**WHAT YOU WILL DO**
Would you reproduce each line below exactly, leaving every picture out?

**SUPPLIED DATA**
□ □ □ □
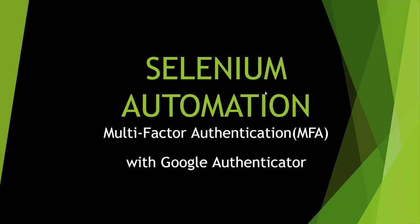Hello everyone, welcome to my channel. Today in this session we'll talk about Selenium automation of your login screen for any application which has enabled two-factor authentication with Google Authenticator.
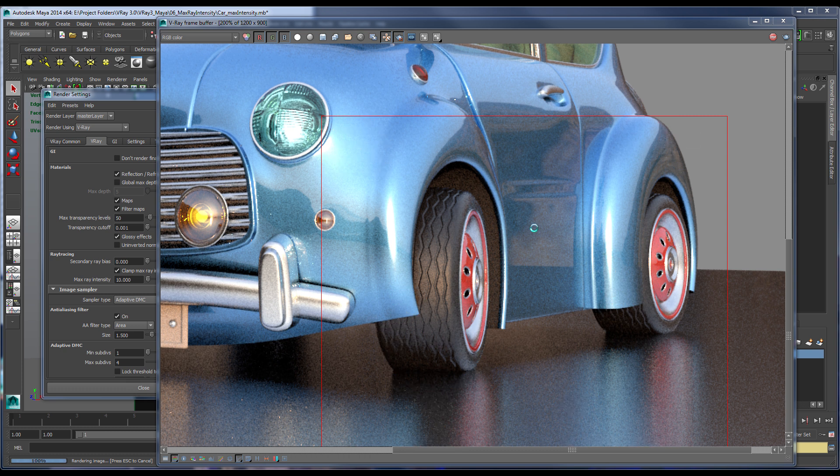In other words, you're not clamping the intensity for the entire render. Because Max Ray Intensity is clamping the secondary rays to fix the super bright pixels without losing the high dynamic range of the natural highlights in the render.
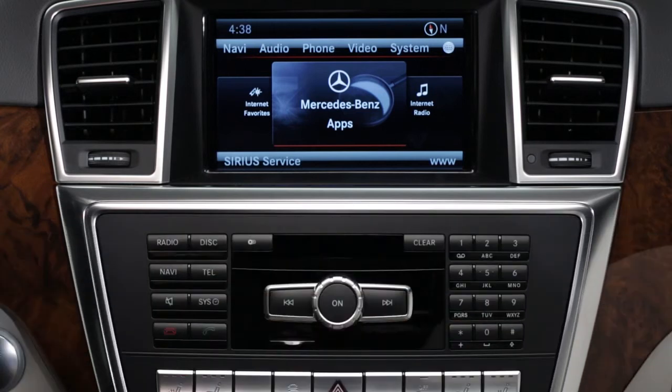If you have questions or need assistance, your Mercedes-Benz dealer will be happy to help. Or just press the Embrace I button in your car, and we'll be here for you too. Thank you.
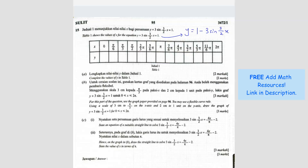The y-values you will get are: 1, negative 1.12, negative 2, negative 1.12, 1, 3.12, 4, 3.12, 1, negative 1.12, negative 2, negative 1.12, and 1. Okay, so that's how you finish the table.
□ □ □ □
**RESULT OF THE EXERCISE**
Hello everyone, welcome to my channel. Today in this session we'll talk about Selenium automation of your login screen for any application which has enabled two-factor authentication with Google Authenticator.
In other words, you're not clamping the intensity for the entire render. Because Max Ray Intensity is clamping the secondary rays to fix the super bright pixels without losing the high dynamic range of the natural highlights in the render.
If you have questions or need assistance, your Mercedes-Benz dealer will be happy to help. Or just press the Embrace I button in your car, and we'll be here for you too. Thank you.
The y-values you will get are: 1, negative 1.12, negative 2, negative 1.12, 1, 3.12, 4, 3.12, 1, negative 1.12, negative 2, negative 1.12, and 1. Okay, so that's how you finish the table.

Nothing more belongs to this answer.